It was hardly any shock to House members that Clinton's veracity was shaky-not after slippery negotiations in which the president would say one thing to one group and something entirely different to another. This applies not just to Republicans but to the self-same Democrats who railed against Clinton's conduct on the House floor, then trucked down Pennsylvania Avenue to the White House in a show of support for the second president in history to be impeached. Now, as the Senate grapples with a constitutional mess, one question that presents itself is, Was this wreckage avoidable, given Clinton's nature? Another is, Whose fault is it, anyway?

Some like to cast the president's ambitious wife as a primary culprit. They see Hillary Rodham Clinton as the "enabler" who ill served the country by standing by her man, not out of love or loyalty, but out of her own desire to wield power. This explanation strikes at least one professional Clinton-watcher (me) as too pat, and probably unfair. Those who know the First Lady well insist that, whatever her ambitions, she loves the big lug a great deal. Like many other wives, she believed her husband's denials when others did not. Moreover, Clinton's presidency is not threatened by extramarital activity, but by perjury, which Hillary Clinton has no authority to pardon. So the First Lady should not bear the blame. If we are to point to enablers, or co-conspirators, we might as well name the Arkansas political establishment, Clinton's ineffective presidential opponents, the Democratic party, and the media, all of whom let Clinton shade the truth for years without an adequate accounting.

Today, the entire political culture-including the president-is paying the price. Clinton realizes his denials and assurances aren't worth much anymore, no matter how thinly sourced the allegation leveled against him: whether it's that he fathered an out-of-wedlock child in Arkansas or that he bombed Iraq in an attempt to forestall or thwart impeachment. When questioned by reporters on the lingering "Wag the Dog" doubts about his airstrikes, Clinton didn't rely on his own word or that of his secretary of state-both of them were compromised by flat denials in the Lewinsky affair. Instead, the president fell back on the assurances made by his defense secretary, a Republican, and by a general on the Joint Chiefs of Staff.

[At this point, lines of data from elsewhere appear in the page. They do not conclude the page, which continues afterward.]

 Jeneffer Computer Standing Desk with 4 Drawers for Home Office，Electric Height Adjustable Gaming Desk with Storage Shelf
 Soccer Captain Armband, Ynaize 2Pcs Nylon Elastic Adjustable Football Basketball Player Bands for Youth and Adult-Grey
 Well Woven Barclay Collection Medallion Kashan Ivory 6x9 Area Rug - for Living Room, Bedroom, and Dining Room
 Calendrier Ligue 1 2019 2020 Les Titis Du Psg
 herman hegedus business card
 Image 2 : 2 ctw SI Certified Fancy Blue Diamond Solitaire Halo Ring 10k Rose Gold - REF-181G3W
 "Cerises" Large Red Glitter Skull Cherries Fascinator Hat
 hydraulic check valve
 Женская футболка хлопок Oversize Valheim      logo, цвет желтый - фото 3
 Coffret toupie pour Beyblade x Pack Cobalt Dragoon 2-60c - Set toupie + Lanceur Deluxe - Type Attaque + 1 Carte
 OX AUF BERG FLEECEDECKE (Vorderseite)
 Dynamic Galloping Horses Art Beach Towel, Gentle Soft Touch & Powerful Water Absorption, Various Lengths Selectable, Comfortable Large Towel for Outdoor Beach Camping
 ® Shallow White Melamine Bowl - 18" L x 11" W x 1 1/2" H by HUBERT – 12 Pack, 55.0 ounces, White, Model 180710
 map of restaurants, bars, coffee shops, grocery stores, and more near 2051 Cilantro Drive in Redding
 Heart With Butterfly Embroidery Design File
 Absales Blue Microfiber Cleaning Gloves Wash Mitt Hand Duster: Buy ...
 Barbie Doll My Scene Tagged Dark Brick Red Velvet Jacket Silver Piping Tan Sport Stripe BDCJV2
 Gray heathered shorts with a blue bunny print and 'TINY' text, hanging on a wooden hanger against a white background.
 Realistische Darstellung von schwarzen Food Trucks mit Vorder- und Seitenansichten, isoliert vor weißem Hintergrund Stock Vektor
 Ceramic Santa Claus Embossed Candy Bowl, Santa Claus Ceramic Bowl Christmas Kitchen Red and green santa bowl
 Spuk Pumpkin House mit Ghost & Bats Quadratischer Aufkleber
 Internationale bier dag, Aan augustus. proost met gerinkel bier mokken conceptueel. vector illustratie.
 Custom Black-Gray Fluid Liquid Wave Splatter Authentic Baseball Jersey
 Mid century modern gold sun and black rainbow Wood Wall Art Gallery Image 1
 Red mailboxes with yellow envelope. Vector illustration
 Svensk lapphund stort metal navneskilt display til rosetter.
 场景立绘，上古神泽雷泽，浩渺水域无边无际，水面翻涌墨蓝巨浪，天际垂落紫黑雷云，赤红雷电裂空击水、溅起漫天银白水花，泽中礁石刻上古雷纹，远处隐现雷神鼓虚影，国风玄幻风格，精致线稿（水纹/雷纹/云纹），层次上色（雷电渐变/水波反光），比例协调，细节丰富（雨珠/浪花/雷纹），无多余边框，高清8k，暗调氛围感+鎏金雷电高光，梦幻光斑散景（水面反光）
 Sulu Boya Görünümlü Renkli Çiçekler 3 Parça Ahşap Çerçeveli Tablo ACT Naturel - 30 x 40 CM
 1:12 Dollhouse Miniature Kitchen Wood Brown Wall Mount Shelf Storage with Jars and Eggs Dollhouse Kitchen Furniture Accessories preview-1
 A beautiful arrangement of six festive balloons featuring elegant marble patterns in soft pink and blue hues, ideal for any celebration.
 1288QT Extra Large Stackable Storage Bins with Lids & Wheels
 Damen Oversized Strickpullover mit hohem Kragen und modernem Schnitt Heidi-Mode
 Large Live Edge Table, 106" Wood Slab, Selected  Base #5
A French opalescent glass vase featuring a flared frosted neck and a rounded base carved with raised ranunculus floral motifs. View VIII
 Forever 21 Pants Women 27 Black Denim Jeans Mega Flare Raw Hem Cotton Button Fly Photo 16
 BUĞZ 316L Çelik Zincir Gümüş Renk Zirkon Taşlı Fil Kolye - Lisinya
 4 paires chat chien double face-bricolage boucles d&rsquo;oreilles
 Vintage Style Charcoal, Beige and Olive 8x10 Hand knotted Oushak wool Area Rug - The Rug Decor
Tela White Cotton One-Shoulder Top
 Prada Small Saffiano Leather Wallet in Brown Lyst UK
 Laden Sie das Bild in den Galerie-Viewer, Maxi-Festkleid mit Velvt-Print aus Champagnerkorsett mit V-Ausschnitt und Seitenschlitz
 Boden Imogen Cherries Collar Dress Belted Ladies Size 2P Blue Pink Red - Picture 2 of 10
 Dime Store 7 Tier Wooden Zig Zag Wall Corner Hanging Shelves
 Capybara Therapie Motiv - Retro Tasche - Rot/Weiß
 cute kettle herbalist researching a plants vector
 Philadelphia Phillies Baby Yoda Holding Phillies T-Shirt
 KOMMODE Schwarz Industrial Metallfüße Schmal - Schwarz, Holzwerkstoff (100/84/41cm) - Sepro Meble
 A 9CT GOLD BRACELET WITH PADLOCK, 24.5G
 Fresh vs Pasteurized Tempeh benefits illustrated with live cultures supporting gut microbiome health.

Despite these credibility problems, Clinton surely doesn't think of himself as a liar. His fury, when he is accused of lying, is too spontaneous to be faked, and the effort he puts into giving convoluted, nearly technically perfect answers is the trait of a clever lawyer, not a man who takes secret pleasure in devilish fibs. In his January 17 deposition, for example, this man renowned for his memory of people and places answered "I don't remember" 71 times, "I don't know" 62 times, and "I don't believe so" or "I don't think so," etc., another 134 times.